The usual wholesale price of electricity is around $0.11 per kWh. The retail price of electricity is around $0.16 per kWh. So you save about $0.05 per kWh used in an average month -- not bad! That's a free $20!
Until a "100 year" storm comes along, and makes the wholesale price of electricity $9 per kWh. Now instead of saving $20, you owe $8,800 more than usual.
Do you have any documentation or recommended reads for how and what you did? I've been thinking of doing something similar but wondering what parts make most sense to automate
As I understand it, there are two ways to purchase electricity in Texas:
1) a fixed rate per kilowatt hour, regardless of what the wholesale cost is.
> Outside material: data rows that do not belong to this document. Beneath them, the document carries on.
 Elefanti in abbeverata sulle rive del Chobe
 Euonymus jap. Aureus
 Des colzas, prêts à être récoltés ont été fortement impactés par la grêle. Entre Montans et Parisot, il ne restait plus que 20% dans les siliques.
2) a variable rate per kilowatt hour, which is wholesale cost.
If supply is up and demand is low, wholesale prices drop, so the customer pays less per kWh and ostensibly less per month. In that same vein, if supply is down and demand is high (like when power plants literally freeze and supply from other sources can only trickle in), wholesale prices rise and this increase is passed directly to the consumer.
On the other hand, fixed rate consumers pay the same per kWh regardless of whether the wholesale cost is high or low.
So when prices skyrocket to $9/kWh, wholesale customers are on the hook for it, but fixed rate customers will still be enjoying 10.98[1] cents (yes, that's $00.1098) per kWh because their utility provider has to deal with it.
> As I understand it, there are two ways to purchase electricity in Texas:
You are correct, but I feel this phrasing vastly overstates how common Griddy's real time pricing is (well... was). Griddy was a startup and the only provider offering this type of plan. A few of my techy coworkers used them, but most people wouldn't have even been aware this was possible.
Because electricity demand was too inelastic, the pricing signal was set extremely high by ERCOT. So folks go saddled with ~$8000 electricity bills for that month.